The Shades of TIME Project

April 20, 2012 by Drew Conway

A couple of days ago someone posted a link to a data set of all TIME Magazine covers, from March, 1923 to March, 2012. Of course, I downloaded it and began thumbing through the images. As is often the case when presented with a new data set I was left wondering, "What can I ask of the data?"

After thinking it over, and with the help of Trey Causey, I came up with, "Have the faces of those on the cover become more diverse over time?" To address this questions I chose to answer something more specific: Has the color values of skin tones in faces on the covers changed over time?

I developed a data visualization tool, I'm calling the Shades of TIME, to explore the answer to that question.

The process for generating the Shades of TIME required the following steps:

Using OpenCV to detect and extract the faces appearing in the magazine covers
Using the Python Image Library to implement the Peer, at al. (2003) skin tone classifier to find the dominant skin tone in each face
Designing a data visualization and exploration tool using d3.js

The code and data are all available at my Github.

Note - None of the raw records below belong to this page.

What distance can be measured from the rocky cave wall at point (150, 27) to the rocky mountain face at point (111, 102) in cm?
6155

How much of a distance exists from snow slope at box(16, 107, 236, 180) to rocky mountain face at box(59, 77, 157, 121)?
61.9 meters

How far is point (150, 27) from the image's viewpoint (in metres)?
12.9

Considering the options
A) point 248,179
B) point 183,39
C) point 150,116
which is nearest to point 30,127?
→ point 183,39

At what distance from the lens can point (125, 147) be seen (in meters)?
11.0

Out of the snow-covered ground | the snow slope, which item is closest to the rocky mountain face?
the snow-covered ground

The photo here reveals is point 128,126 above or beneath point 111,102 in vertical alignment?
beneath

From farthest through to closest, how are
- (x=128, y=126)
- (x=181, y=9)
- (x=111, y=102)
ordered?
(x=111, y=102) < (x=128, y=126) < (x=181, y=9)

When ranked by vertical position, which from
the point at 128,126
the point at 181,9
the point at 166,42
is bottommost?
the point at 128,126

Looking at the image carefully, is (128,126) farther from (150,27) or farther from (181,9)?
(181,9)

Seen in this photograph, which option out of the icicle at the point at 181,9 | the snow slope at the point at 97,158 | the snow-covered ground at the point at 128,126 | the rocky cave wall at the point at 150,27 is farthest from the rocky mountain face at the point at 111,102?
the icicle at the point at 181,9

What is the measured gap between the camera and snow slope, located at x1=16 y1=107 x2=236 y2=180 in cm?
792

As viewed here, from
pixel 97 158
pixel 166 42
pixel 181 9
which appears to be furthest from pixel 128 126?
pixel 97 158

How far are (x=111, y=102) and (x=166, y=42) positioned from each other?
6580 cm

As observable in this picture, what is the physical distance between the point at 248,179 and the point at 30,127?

Instructions for how to use the tool to explore the data are available at the tool page itself. It is worth checking out just as a fun way to explore the TIME Magazine covers.

I have two primary observations from exploring the data. First, it does appear that the variance in skin tones have changed over time, and in fact the tones are getting darker. Most of the first quarter of the data are hard to interpret because TIME was still largely using black and white images, and when they did use color it was often artist's renderings of portraits. The interpretation of skin tone in drawings is difficult. Around the mid-1970's, however, there appears to be an explosion of skin tone diversity. Of course, there can be many reasons for this, not the least of which may be improvement in photo and magazine printing technologies.

Second, and much more certainly, is TIME has steadily increased the number of faces that appear on their covers over time. As you scroll through the visualization you will quickly notice the number of faces per cover increase from one, to a few, to many in the 1990's through 2010's. Whether this is the result of a desire to show a more diverse set of faces, or increase their marketing appeal on newsstands, or both; is completely unknown.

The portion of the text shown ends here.